The “La Commune” DVD package includes a 78 minute documentary on the making of the film by Geoff Bowie titled “The Universal Clock: the Resistance of Peter Watkins” that makes clear how much the making of the film was in the spirit of resistance that it depicted. Watkins made this film in the same way that the Communards made barricades, as a conscious act in defense of an alternative society. In a world grown increasingly commercial and culturally dominated by Hollywood, he made a film that championed history’s working class martyrs and the act of pure artistic creation itself.
The universal clock is a reference to the standard 47 minute documentary that is marketed to television stations around the world to fill an hour of commercial programming (and increasingly nonprofit stations as well.) Bowie films some particularly odious figures at a television production conference peddling their wares. After representative from the Discovery Network brags that their shows can be slotted in anywhere in the world, we cannot help but think of what drove French farmer Jose Bove to burn down a McDonald’s the same year that “La Commune” was being made.

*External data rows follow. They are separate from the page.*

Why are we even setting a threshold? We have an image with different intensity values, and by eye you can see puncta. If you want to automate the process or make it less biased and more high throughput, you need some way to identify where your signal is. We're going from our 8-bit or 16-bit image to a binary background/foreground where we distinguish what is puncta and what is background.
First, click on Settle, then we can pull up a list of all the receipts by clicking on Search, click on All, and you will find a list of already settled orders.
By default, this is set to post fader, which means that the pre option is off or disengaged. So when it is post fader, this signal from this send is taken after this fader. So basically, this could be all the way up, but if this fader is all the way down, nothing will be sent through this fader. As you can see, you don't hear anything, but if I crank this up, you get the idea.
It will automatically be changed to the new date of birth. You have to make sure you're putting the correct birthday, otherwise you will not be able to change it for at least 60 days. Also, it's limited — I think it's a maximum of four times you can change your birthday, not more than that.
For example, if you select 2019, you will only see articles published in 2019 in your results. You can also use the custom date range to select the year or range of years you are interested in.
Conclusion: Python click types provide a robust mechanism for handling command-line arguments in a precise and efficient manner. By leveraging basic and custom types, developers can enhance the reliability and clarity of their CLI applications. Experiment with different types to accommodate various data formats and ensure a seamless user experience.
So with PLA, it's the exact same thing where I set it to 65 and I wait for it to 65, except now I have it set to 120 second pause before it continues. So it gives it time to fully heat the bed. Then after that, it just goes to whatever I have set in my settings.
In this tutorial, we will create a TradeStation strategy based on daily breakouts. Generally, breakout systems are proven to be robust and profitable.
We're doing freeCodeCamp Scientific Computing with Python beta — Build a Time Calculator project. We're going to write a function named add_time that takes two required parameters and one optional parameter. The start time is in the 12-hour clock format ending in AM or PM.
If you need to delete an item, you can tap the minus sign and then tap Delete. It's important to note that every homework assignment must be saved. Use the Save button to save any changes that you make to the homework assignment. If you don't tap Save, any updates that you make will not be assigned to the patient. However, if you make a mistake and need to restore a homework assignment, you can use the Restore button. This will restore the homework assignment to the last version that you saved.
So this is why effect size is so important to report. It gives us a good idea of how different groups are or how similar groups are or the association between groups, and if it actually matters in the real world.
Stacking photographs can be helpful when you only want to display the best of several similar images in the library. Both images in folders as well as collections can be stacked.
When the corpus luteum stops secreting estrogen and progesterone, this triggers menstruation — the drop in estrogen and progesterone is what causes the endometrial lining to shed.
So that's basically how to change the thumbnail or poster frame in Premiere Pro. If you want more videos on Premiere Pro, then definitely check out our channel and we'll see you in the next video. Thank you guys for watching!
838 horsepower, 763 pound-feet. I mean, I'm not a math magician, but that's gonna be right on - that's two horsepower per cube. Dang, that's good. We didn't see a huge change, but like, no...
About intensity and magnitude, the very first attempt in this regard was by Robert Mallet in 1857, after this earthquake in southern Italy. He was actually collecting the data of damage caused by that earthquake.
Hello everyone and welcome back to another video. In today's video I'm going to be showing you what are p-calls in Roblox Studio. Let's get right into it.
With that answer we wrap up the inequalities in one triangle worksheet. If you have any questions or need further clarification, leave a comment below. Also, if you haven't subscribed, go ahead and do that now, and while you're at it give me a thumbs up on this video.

After initial frustration in getting funding for “La Commune,” Watkins eventually hooked up with La Sept ARTE, a French television company willing to take risks–but unfortunately only up to a point. When the series was finally aired, the climax of the film was scheduled for 3:30 in the morning.
On Peter Watkins’s website, he conveys the thinking of “universal clock” purveyors:
Some people can make the universal clock sing at 47 minutes … others can’t. It’s perfectly possible to do the 100 Years War in 5, 10, 20 or 47 minutes … the depth of information value is not about duration, it’s about the anticipated expectation of the audience.
Some filmmakers say this is my work and I want it to stay that way. That is their right and we respect that right. Those are the films we don’t buy and those are the films we don’t transmit.
What is so disgusting – on top of everything else – is the use by TV executives of the word ‘respect’! These people have absolutely zero respect – for filmmakers or for the public. ‘Respect’ for work they marginalize, and for the public on whose behalf they make their decisions, is contempt and ridicule of the highest order.
This is absolute fascism at work, and anyone who still doubts the direct links between the contemporary MAVM [mass audiovisual media] and globalization in all its worst aspects, should carefully reflect on what is happening.
The MAVM dogma on length and form is not only GLOBALIST because of its application, but also because it directly contributes to loss of history, to the increase of hierarchical forces sweeping through society, and to a growing passive acceptance of the global economy. Without time or space to reflect, formulate questions, integrate memory and feelings into the daily experience of receiving the mass media we are lost, and history becomes dead. Time and sustained process are crucial for counteracting the frenetically fragmented and abbreviated language form of the MAVM.
“La Commune” is now available from Netflix and your better video stores. Although I urge everybody to rent it and to advise their friends to rent it as well, I particularly recommend it to the activist left. This film could serve as the anchor for a weekly series of classes on socialism. It not only dramatizes the first working class revolution in history but points in the direction of our future success in the face of obvious difficulties. If we cannot begin to unite on a class basis starting now, then the class enemy will always have the upper hand. Our survival as working people and the survival of the planet depends on it.